Used to add specified entity to the group represented by groupId.

dcgmReturn_t dcgmGroupCreate ( dcgmHandle_t pDcgmHandle, dcgmGroupType_t type, char* groupName, dcgmGpuGrp_t* pDcgmGrpId )
Parameters
pDcgmHandle
IN: DCGM Handle
type
IN: Type of Entity Group to be formed
groupName
IN: Desired name of the GPU group specified as NULL terminated C string
pDcgmGrpId
OUT: Reference to group ID
Returns

Description

Used to create a entity group handle which can store one or more entity Ids as an opaque handle returned in pDcgmGrpId. Instead of executing an operation separately for each entity, the DCGM group enables the user to execute same operation on all the entities present in the group as a single API call.

To create the group with all the entities present on the system, the type field should be specified as DCGM_GROUP_DEFAULT or DCGM_GROUP_ALL_NVSWITCHES. To create an empty group, the type field should be specified as DCGM_GROUP_EMPTY. The empty group can be updated with the desired set of entities using the APIs dcgmGroupAddDevice, dcgmGroupAddEntity, dcgmGroupRemoveDevice, and dcgmGroupRemoveEntity.

dcgmReturn_t dcgmGroupDestroy ( dcgmHandle_t pDcgmHandle, dcgmGpuGrp_t groupId )
Parameters
pDcgmHandle
IN: DCGM Handle
groupId
IN: Group ID
Returns

Description

Used to destroy a group represented by groupId. Since DCGM group is a logical grouping of entities, the properties applied on the group stay intact for the individual entities even after the group is destroyed.

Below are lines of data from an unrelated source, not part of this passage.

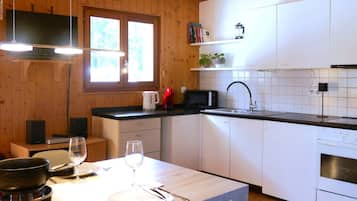 Fridge, microwave, oven, cookware/dishes/utensils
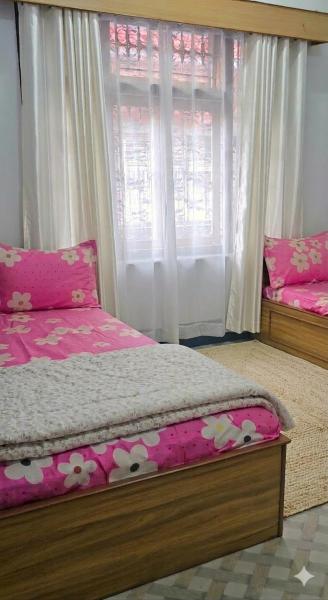 Sumnima Khim Girls Hostel, Забронировать  Отели Dharān Bāzār с парковкой, Парковка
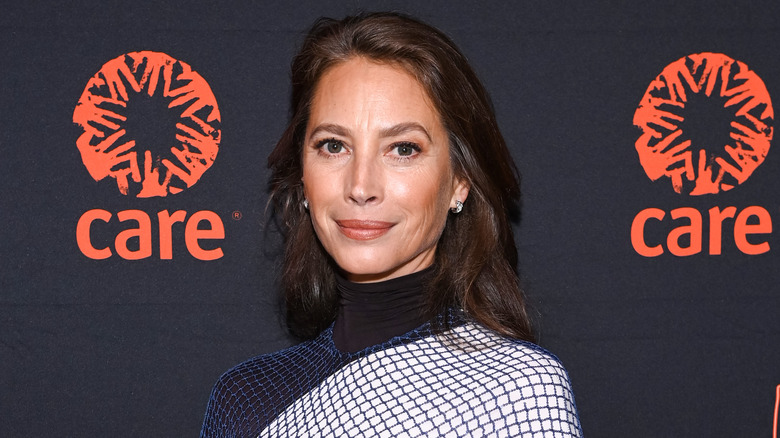 Christy Turlington smiling red carpet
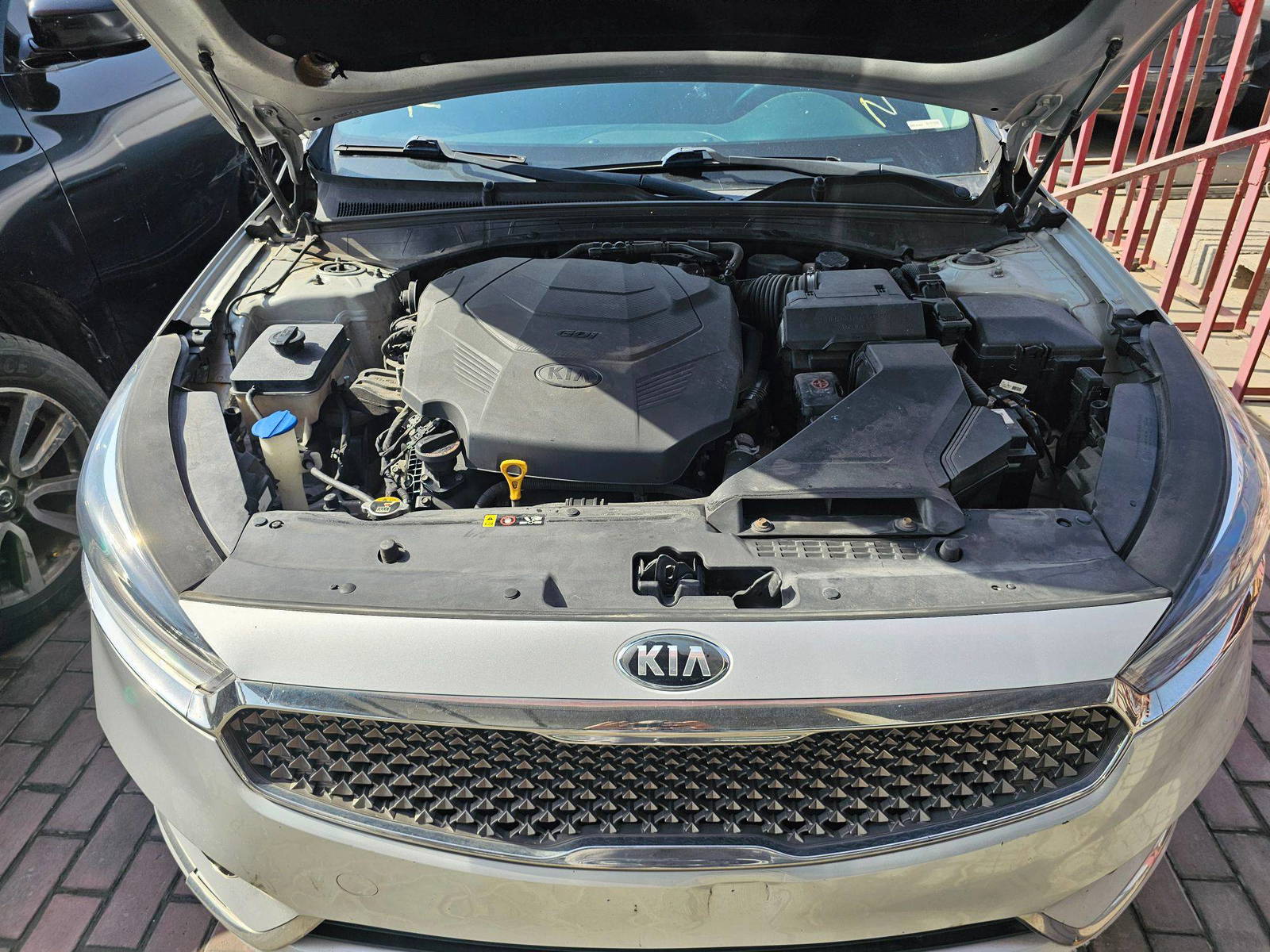 2018 KIA CADENZA — 141995 Miles — Lot 62168395 — Main - Marhaba Auctions Used Cars - Image 12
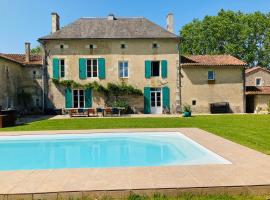 Les maisons du bonheur, hotel dengan parking di Château-Garnier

dcgmReturn_t dcgmGroupGetAllIds ( dcgmHandle_t pDcgmHandle, dcgmGpuGrp_t groupIdList[], unsigned int* count )
Parameters
pDcgmHandle
IN: DCGM Handle
groupIdList
OUT: List of Group Ids
count
OUT: The number of Group ids in the list
Returns

Description

Used to get the Ids of all groups of entities. The information returned is a list of group ids in groupIdList as well as a count of how many ids there are in count. Please allocate enough memory for groupIdList. Memory of size MAX_NUM_GROUPS should be allocated for groupIdList.

dcgmReturn_t dcgmGroupGetInfo ( dcgmHandle_t pDcgmHandle, dcgmGpuGrp_t groupId, dcgmGroupInfo_t* pDcgmGroupInfo )
Parameters
pDcgmHandle
IN: DCGM Handle
groupId
IN: Group ID for which information to be fetched
pDcgmGroupInfo
OUT: Group Information
Returns

Description

Used to get information corresponding to the group represented by groupId. The information returned in pDcgmGroupInfo consists of group name, and the list of entities present in the group.

dcgmReturn_t dcgmGroupRemoveDevice ( dcgmHandle_t pDcgmHandle, dcgmGpuGrp_t groupId, unsigned int  gpuId )
Parameters
pDcgmHandle
IN: DCGM Handle
groupId
IN: Group ID from which device should be removed
gpuId
IN: DCGM GPU Id
Returns

Description

Used to remove specified GPU Id from the group represented by groupId.

dcgmReturn_t dcgmGroupRemoveEntity ( dcgmHandle_t pDcgmHandle, dcgmGpuGrp_t groupId, dcgm_field_entity_group_t entityGroupId, dcgm_field_eid_t entityId )
Parameters
pDcgmHandle
IN: DCGM Handle
groupId
IN: Group ID from which device should be removed
entityGroupId
IN: Entity group that entityId belongs to
entityId
IN: DCGM entityId
Returns

Description

Used to remove specified entity from the group represented by groupId.